Une vision qui se fera d’abord sentir dans certains choix scénaristiques, tels la présentation d’une série de crimes commis par de petits brigands sortis du New York d’une autre époque, la personnification de J. Jonah Jameson (
J.K. Simmons, très énergique), dont le tempérament bouillant et les méthodes de travail s’avèreront quelque peu vétustes, et le traitement de l’action et des dialogues oscillant continuellement entre candeur et mièvrerie - difficile, par exemple, de comprendre pourquoi tous les personnages appellent May Parker « tante May ». Les mêmes qualificatifs s’appliquent à cette narration en voix off qui viendra ouvrir et clore le récit. Il émanera de ces idées un cycle dramatique suffisamment effectif, mais devenant tout de même vite redondant. Une façon de faire qui se reflètera également dans la facture esthétique comme la mise en scène de Raimi qui, encore là, laissera rapidement paraître quelques signes de vieillesse, notamment lors des séquences spectaculaires qui, en plus d’être souvent beaucoup trop brèves, ont tendance à manquer de dynamisme et de créativité. On pense à la manière dont certaines images se superposeront comme à certaines transitions évoquant la forme de la bande dessinée d’une manière tantôt fort convaincante, tantôt plutôt maladroite. Ces lacunes seront en soi résumées par la composition d’un antagoniste à la personnalité double et son costume d’une laideur impardonnable. Dafoe offre d’ailleurs lui aussi une performance en deux temps. Ainsi, si le visage de l’acteur et le ton employé lorsqu’il lance ses répliques classiques d’une manière allègrement maniaque illustrent parfaitement la dualité de son personnage, le jeu physique de ce dernier parvient difficilement à mettre en relief ces traits de caractère lorsqu’il se retrouve emprisonné sous l’armure du Green Goblin.

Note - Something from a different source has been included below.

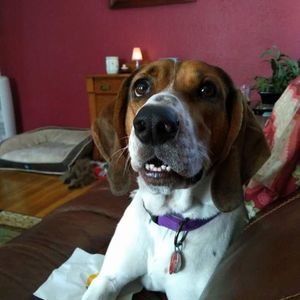 Meet your Posher, Steve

Les plus grandes qualités du film de Sam Raimi demeurent en somme le coeur et la sincérité qu’il aura su insuffler aux rouages d’un genre de productions que l’on accuse trop souvent de ne pas avoir d’âme. Le réalisateur orchestre ainsi d’une manière sentie, mais opérant par excès d’élans mélodramatiques, ce «
coming of age » typiquement atypique tournant autour d’un jeune héros devant faire face aux considérations de sa vie d’adulte, notamment son amour pour Mary Jane Watson (
Kirsten Dunst) et la rivalité qui en naîtra avec son meilleur ami - et fils de l’ennemi de son alter ego - Harry Osborn (
James Franco), qui gérera mal le fait que son père semble s’intéresser davantage à la vie de Parker qu’à la sienne. Le tout dans une histoire où les notions de choix et de responsabilités venant avec cette période de l’existence auront évidemment été amplifiées. L’Homme araignée se retrouvera alors dans une position où il aurait aussi bien pu décider de faire le bien que le mal, lui qui recevra une invitation à cet effet de la part de son adversaire au teint vert, dont le goût pour la violence et la destruction émanera d’une pulsion meurtrière allant de pair avec la volonté de survivre de l’industriel milliardaire. Si ces enjeux auraient dû être abordés d’une manière beaucoup plus significative, ils alimentent néanmoins un récit révélant bien en arrière-plan l’atmosphère régnant sur une Amérique sur le point d’entrer en guerre comme le poids exercé par Wall Street sur le mythe du self-made-man.
Spider-Man relève en bout de ligne adéquatement l’essence de son héros, dont les pouvoirs finiront par devenir autant une bénédiction qu’une malédiction, mais par le biais d’une démarche ayant malheureusement tendance à manquer d’assurance et de personnalité.